**** Extracted records
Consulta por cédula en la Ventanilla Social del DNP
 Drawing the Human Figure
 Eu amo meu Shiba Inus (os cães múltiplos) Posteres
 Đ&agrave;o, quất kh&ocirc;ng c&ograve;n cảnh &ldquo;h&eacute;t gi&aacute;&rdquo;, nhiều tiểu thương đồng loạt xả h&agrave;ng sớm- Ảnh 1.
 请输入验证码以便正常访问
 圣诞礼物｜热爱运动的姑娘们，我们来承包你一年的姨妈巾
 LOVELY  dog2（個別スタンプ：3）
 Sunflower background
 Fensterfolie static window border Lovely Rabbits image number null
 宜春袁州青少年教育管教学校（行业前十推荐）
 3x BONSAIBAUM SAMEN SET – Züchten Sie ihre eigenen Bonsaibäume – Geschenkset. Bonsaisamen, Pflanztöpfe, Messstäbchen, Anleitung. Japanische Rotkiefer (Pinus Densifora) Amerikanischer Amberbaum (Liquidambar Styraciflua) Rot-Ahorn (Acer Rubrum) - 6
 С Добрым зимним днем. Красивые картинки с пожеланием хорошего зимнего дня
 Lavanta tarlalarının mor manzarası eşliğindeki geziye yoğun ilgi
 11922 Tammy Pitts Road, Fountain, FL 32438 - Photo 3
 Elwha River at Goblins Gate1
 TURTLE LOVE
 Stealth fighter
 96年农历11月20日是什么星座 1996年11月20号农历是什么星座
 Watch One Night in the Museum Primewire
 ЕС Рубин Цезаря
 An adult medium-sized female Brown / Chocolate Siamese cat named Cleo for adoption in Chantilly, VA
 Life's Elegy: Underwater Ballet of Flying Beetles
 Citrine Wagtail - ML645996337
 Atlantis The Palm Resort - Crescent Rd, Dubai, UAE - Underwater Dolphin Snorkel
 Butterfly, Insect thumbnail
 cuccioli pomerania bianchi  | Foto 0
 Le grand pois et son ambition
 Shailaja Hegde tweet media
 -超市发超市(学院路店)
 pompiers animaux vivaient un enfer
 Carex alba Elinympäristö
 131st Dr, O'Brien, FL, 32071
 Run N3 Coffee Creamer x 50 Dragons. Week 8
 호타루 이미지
********
What you need to do
Every line of the data above should be output exactly as written.

Answer to this exercise
Consulta por cédula en la Ventanilla Social del DNP
 Drawing the Human Figure
 Eu amo meu Shiba Inus (os cães múltiplos) Posteres
 Đ&agrave;o, quất kh&ocirc;ng c&ograve;n cảnh &ldquo;h&eacute;t gi&aacute;&rdquo;, nhiều tiểu thương đồng loạt xả h&agrave;ng sớm- Ảnh 1.
 请输入验证码以便正常访问
 圣诞礼物｜热爱运动的姑娘们，我们来承包你一年的姨妈巾
 LOVELY  dog2（個別スタンプ：3）
 Sunflower background
 Fensterfolie static window border Lovely Rabbits image number null
 宜春袁州青少年教育管教学校（行业前十推荐）
 3x BONSAIBAUM SAMEN SET – Züchten Sie ihre eigenen Bonsaibäume – Geschenkset. Bonsaisamen, Pflanztöpfe, Messstäbchen, Anleitung. Japanische Rotkiefer (Pinus Densifora) Amerikanischer Amberbaum (Liquidambar Styraciflua) Rot-Ahorn (Acer Rubrum) - 6
 С Добрым зимним днем. Красивые картинки с пожеланием хорошего зимнего дня
 Lavanta tarlalarının mor manzarası eşliğindeki geziye yoğun ilgi
 11922 Tammy Pitts Road, Fountain, FL 32438 - Photo 3
 Elwha River at Goblins Gate1
 TURTLE LOVE
 Stealth fighter
 96年农历11月20日是什么星座 1996年11月20号农历是什么星座
 Watch One Night in the Museum Primewire
 ЕС Рубин Цезаря
 An adult medium-sized female Brown / Chocolate Siamese cat named Cleo for adoption in Chantilly, VA
 Life's Elegy: Underwater Ballet of Flying Beetles
 Citrine Wagtail - ML645996337
 Atlantis The Palm Resort - Crescent Rd, Dubai, UAE - Underwater Dolphin Snorkel
 Butterfly, Insect thumbnail
 cuccioli pomerania bianchi  | Foto 0
 Le grand pois et son ambition
 Shailaja Hegde tweet media
 -超市发超市(学院路店)
 pompiers animaux vivaient un enfer
 Carex alba Elinympäristö
 131st Dr, O'Brien, FL, 32071
 Run N3 Coffee Creamer x 50 Dragons. Week 8
 호타루 이미지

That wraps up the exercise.